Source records

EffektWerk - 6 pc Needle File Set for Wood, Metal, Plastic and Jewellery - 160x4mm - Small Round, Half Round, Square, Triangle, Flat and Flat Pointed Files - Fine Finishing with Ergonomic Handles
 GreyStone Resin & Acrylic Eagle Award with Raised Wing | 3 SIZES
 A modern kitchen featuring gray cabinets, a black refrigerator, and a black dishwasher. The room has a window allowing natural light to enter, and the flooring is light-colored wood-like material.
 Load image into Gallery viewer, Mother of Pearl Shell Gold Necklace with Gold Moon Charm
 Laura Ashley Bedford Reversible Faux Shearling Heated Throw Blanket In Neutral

EXERCISE AIM
Every entry above should be duplicated exactly.

WRITTEN RESPONSE
EffektWerk - 6 pc Needle File Set for Wood, Metal, Plastic and Jewellery - 160x4mm - Small Round, Half Round, Square, Triangle, Flat and Flat Pointed Files - Fine Finishing with Ergonomic Handles
 GreyStone Resin & Acrylic Eagle Award with Raised Wing | 3 SIZES
 A modern kitchen featuring gray cabinets, a black refrigerator, and a black dishwasher. The room has a window allowing natural light to enter, and the flooring is light-colored wood-like material.
 Load image into Gallery viewer, Mother of Pearl Shell Gold Necklace with Gold Moon Charm
 Laura Ashley Bedford Reversible Faux Shearling Heated Throw Blanket In Neutral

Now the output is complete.